My wife has a small teachers AVC pension valued by the provider at just over 4000 UK pounds. Is this value after deducting 20% tax from 75% of the value? Can she recover any tax from her AEA allowance this year as it has not yet been utilised?
Expert:  bigduckontax replied 2 years ago.
As they are joint holdings they are deemed to be held 50/50. Each of you will have a separate CGT computation and the split year principle will apply to each of you depending on the individuals' return date. Both of you will have an AEA. Hargreaves Lansdown advises: 'You can usually take up to 25% of each amount you move as a tax-free lump sum, and keep the remainder invested' Thus of every tranche you draw down a quarter will be tax free, the balance at your marginal rate of tax. However, if this is a pension scheme not approved by HMRC then the whole of the drawdown is classed as employment income, there wqill be no 25% tax free and the whole sum withdrawn taxed at your marginal rate.. Here is the guidance from EIM15400: 'All lump sum payments (including commutations: see EIM15427) out of non-approved schemes count as employment income' The income from the SIPP will be in the name of the person holding the SIPP. Paying up to 3.6K into a pension scheme when you have no employment income is possible. You merely pay, usually an insurance company, the sum net (2.88K) and they claim the tax relief in cash from HMRC. There is a 0% tax band for savings income in the 15/16 tax year, but its application is highly complex. Drawing down savings is outside the scope of tax unless a capital gain is involved. Here is an example from Tax Aid: 'With the same income [12780] in 2015-16, all the £500 of savings income is taxed at 0%. But if the taxpayer has £12,780 of non-savings income, then the 0% savings band available to them will be reduced to £2,820 (5,000 of 0% savings band less the ‘excess’ of non-savings income over the personal allowance = £2,180).' The full gamut you can read about here: Your wife can take the whole of her AVC pension pot out as a trivial commutation as it is below 10K. The tax treatment is as follows [source: The Pensions Advisory Service]: 'If benefits are not in payment, you should have the option to take 25% of the pension value as a tax-free cash sum. The remainder is added to the rest of your taxable income in the tax-year in which you take it when determining any income tax liability' The tax treatment is depressingly familiar! This is not a gain, but is a drawdown and is accordingly taxed as income.

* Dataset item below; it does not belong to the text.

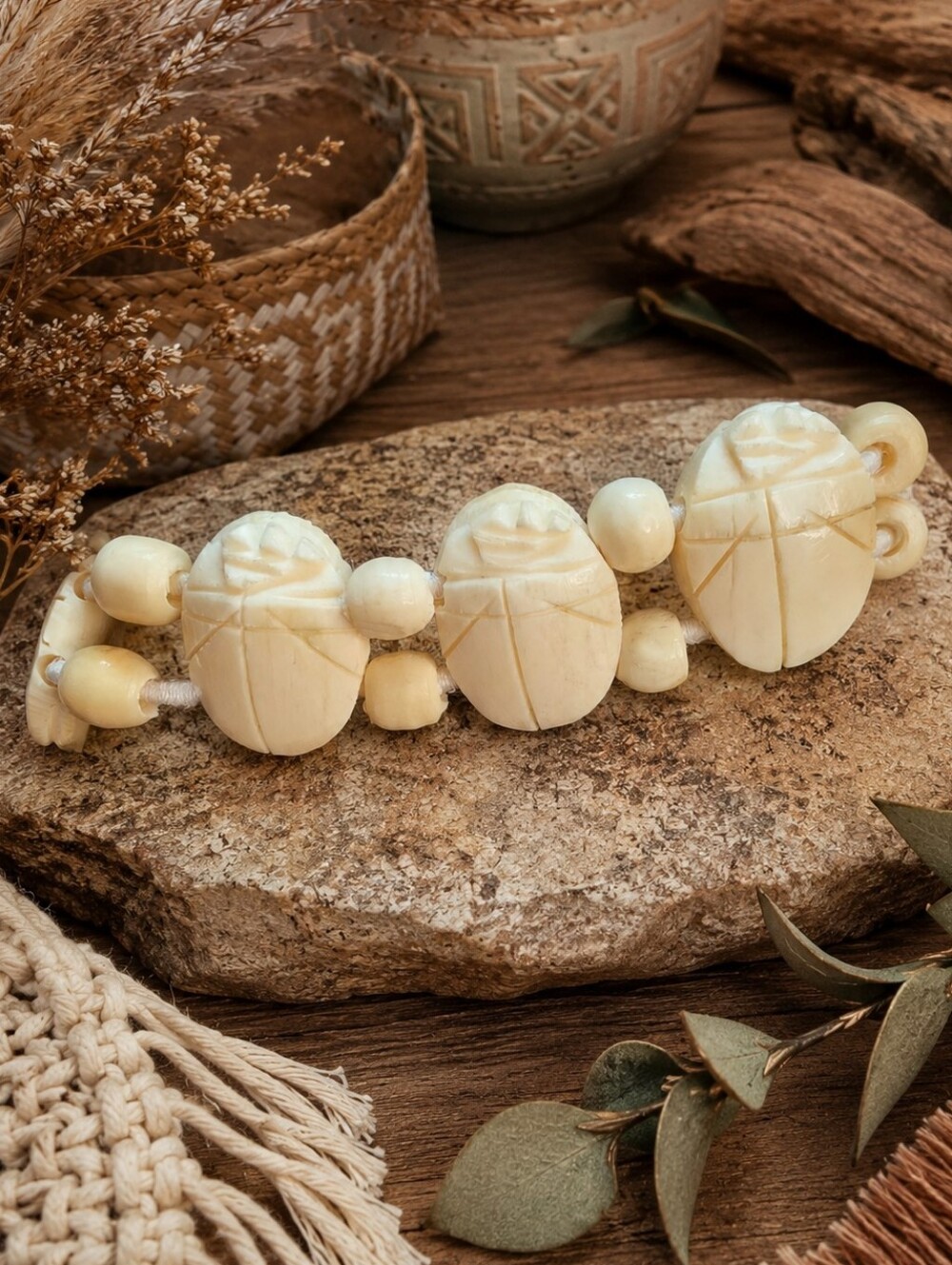 Vintage Hand Carved Bone Scarab Stretch Bracelet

Customer: replied 2 years ago.
For example:
On our joint equity plans (not SIPPS) if we draw down £23,000 per year on top of our state pension and assuming a capital gain on total of the plans was £15,000 that year how does one calculate the tax payable if any? Is this income or capital gains?Still unsure what is capital gains v income. If we put cash into a bank or a savings account one is liable to pay income tax on the interest. If you buy an asset including shares then gains are treated as capital gains. Share dividends are taxed separately. If you invest in a fund for say 3 years then when fund matures this is treated as income or capital gains? If you draw down each year from the fund is this income only or capital gains?
If either of us do not use our IT or CG allowances can they be transferred?
I am still unclear what savings income means hence my first question above. If savings have no capital gain then any withdrawals are tax free if there is gain is this taxed as income. If the gains are taken as CGT then there would be no income tax?
Expert:  bigduckontax replied 2 years ago.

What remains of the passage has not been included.